L’idée n’est non pas de concurrencer le secteur maritime mais bien de prouver qu’une alternative au transport traditionnel ultrapolluant est envisageable. La Compagnie Marine veut opérer un changement de fond dans la mentalité générale, à plusieurs niveaux. Elle met d’abord en exergue l’importance du transport, que le consommateur tend à négliger, même lors de l’achat de produits éco-responsables. Elle interroge sur la nécessité absolue du court délai de livraison. Enfin, elle espère faire sa « part du colibri », afin d’à terme grandir et avoir une activité capable de concurrencer et de révolutionner le monde du transport.

Les questions qui se posent désormais sont multiples. Comment, malgré la montée de la peur du greenwashing, La Compagnie Marine compte-elle parvenir à multiplier les partenariats ? Comment réussit-elle à faire face à la concurrence du transport plus classique, par porte-conteneurs ou voies aériennes ? Elle a commencé en s’attaquant à l’industrie du luxe, qui a pour principal argument de vente l’image de marque et donc pourrait, de premier abord, être très intéressée par l’alternative de La Compagnie Marine. Proposant des produits à très forte valeur ajoutée, ces entreprises pourraient réellement se permettre les dépenses, parfois plus importantes, qu’engendre le transport à la voile. On remarque toutefois une certaine réserve de l’industrie face à l’idée que la clientèle puisse observer ce moyen de transport comme une stratégie purement marketing.

Stratégie marketing move et peur d’accusation de greenwashing

Depuis quelques années nous observons une tendance éco-responsable des entreprises, issues du luxe ou non (Platania, Santisi, Morando, 2019). Or, certains chercheurs disent avoir peur que derrière les discours bienveillants envers l’environnement se cache une stratégie simplement marketing, voire, dans les pires des cas, des paroles sans actes : c’est le greenwashing.

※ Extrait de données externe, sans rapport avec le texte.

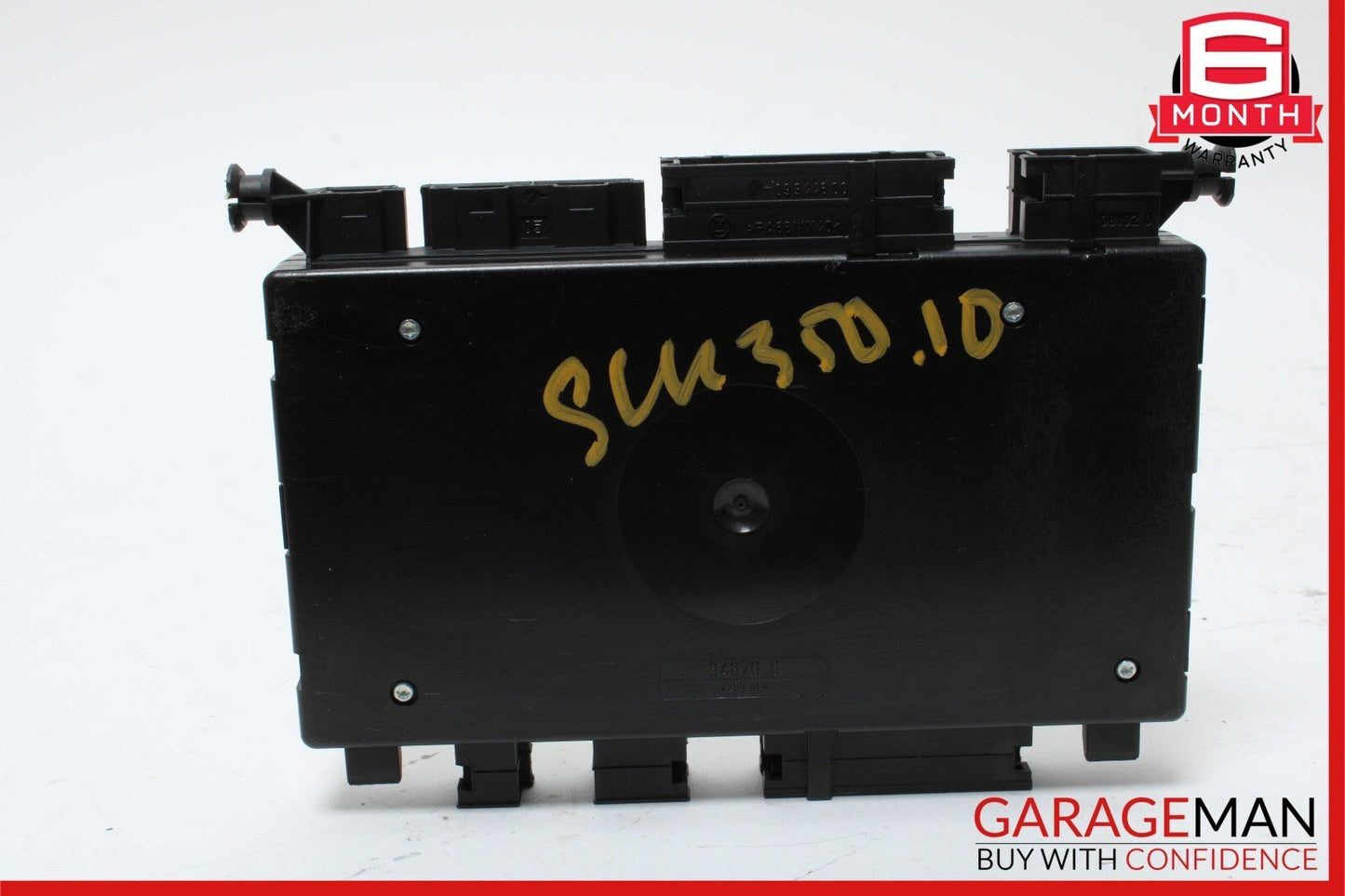 03-12 Mercedes W211 E320 SLK280 GL550 SLK350 Front Left Seat Control Module Unit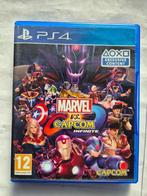 MARVEL vs CAPCOM INFINITE, Spelcomputers en Games, Gebruikt, Vanaf 18 jaar, Vechten, 1 speler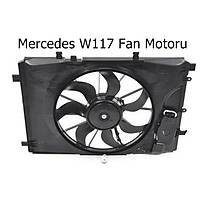 Mercedes W117 Fan Motoru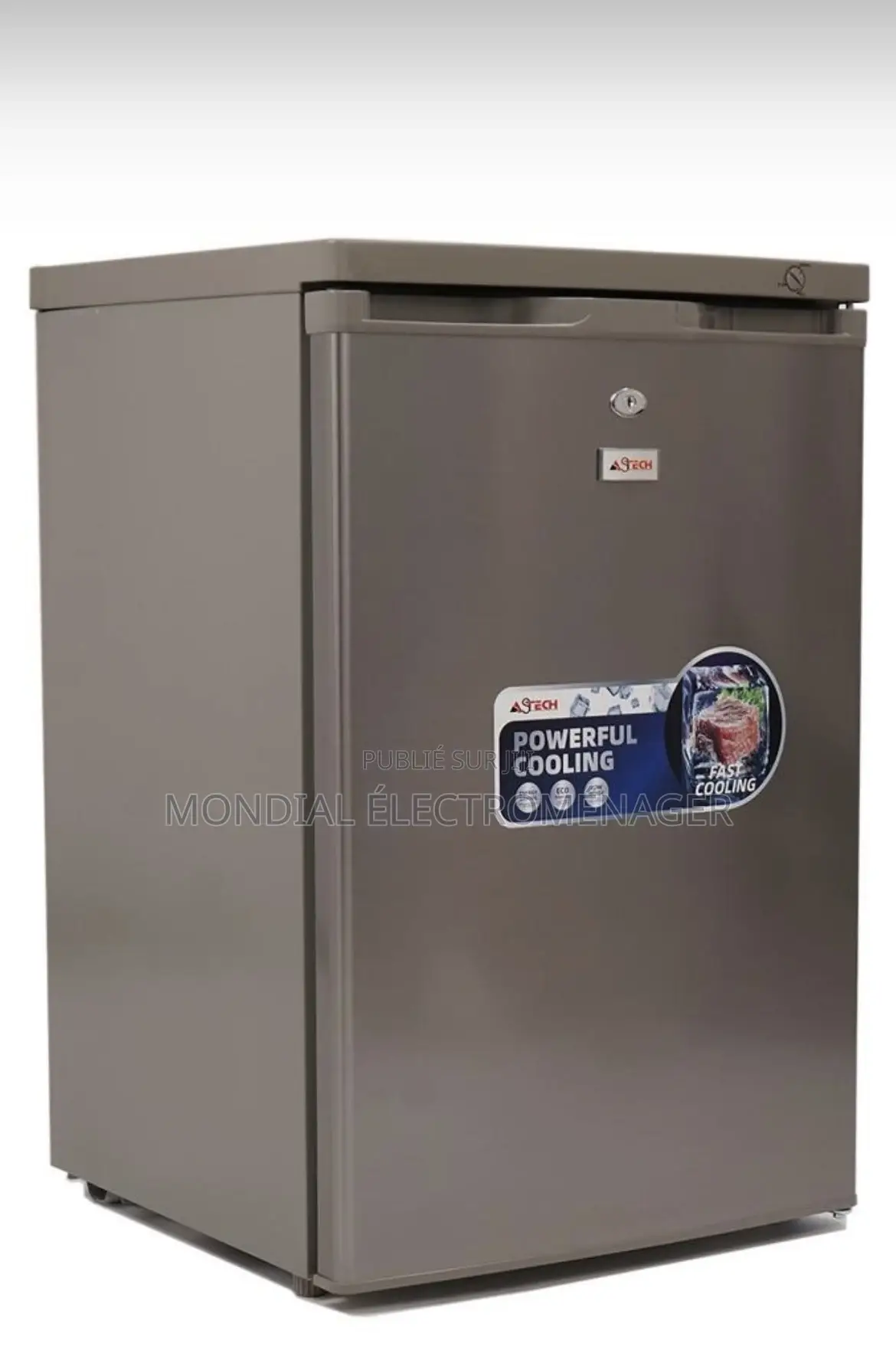 Congélateur Astech Vertical 4 Tiroirs Fc121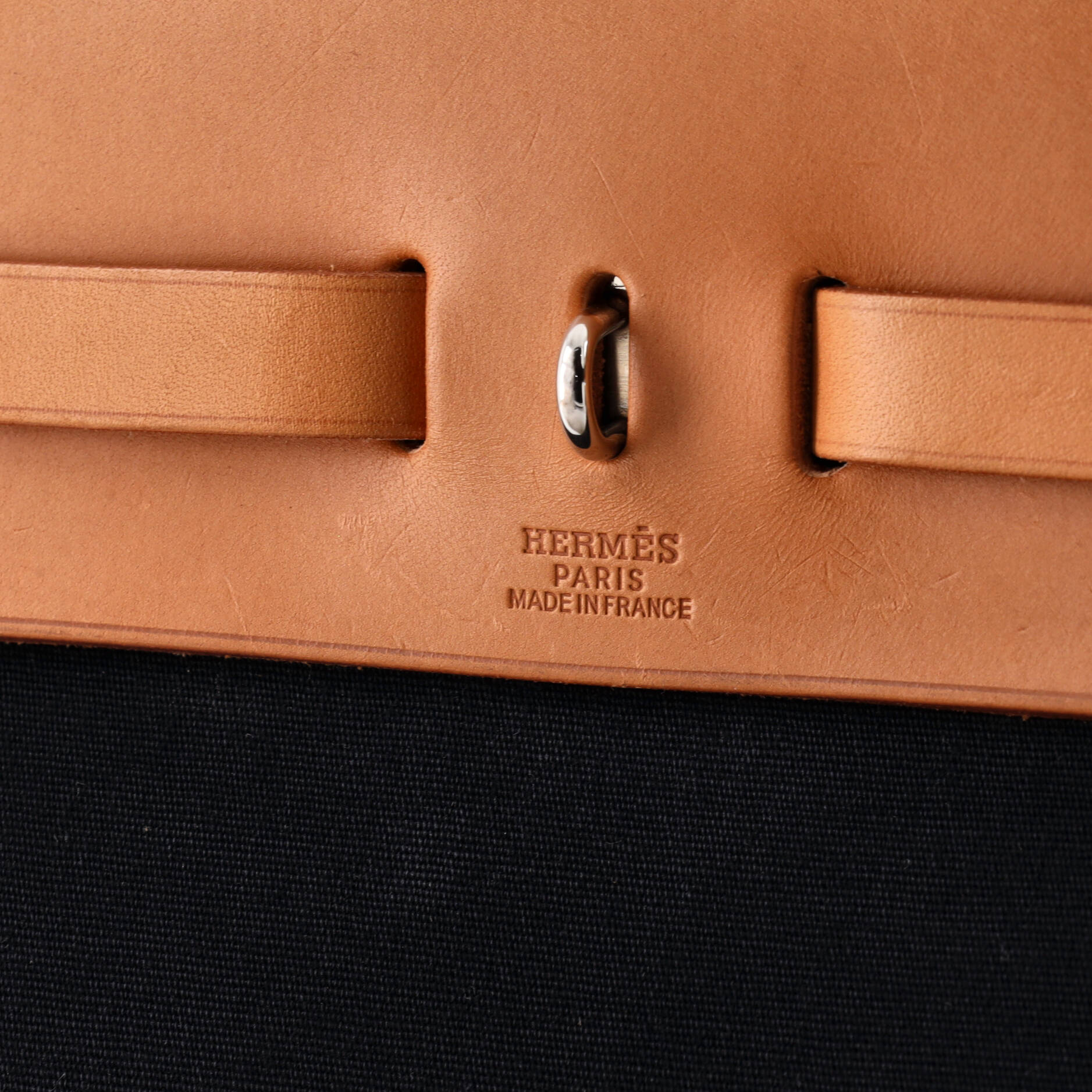 Herbag Toile and Leather PM - Image 8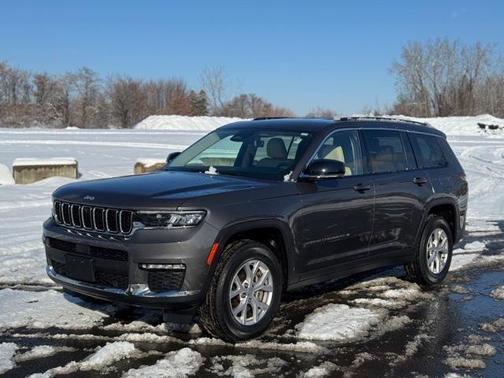 2022 Jeep Grand Cherokee L Limited
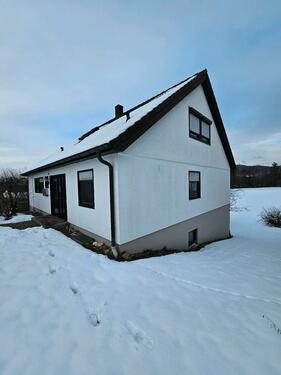 Foto - Wohnhaus Einfamilienhaus mit zusatz Wohnung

Cette pratique est de plus en plus connue et pointée du doigt. En effet, en prêchant un discours éco-responsable, les entreprises polluantes cherchent à s’ôter un poids de la conscience et de celle du consommateur, le tout afin d’attirer le plus de clients potentiels.  Nombreux ont été les mouvements pour mettre fin au greenwashing. La plus connue est certainement celui d’Amis de la Terre, qui a crée le Prix Pinocchio, une « récompense » qui choisit chaque année un lauréat du greenwashing, afin que les consommateurs soient alertés et cessent, ou diminuent, leurs liens avec les entreprises lauréates.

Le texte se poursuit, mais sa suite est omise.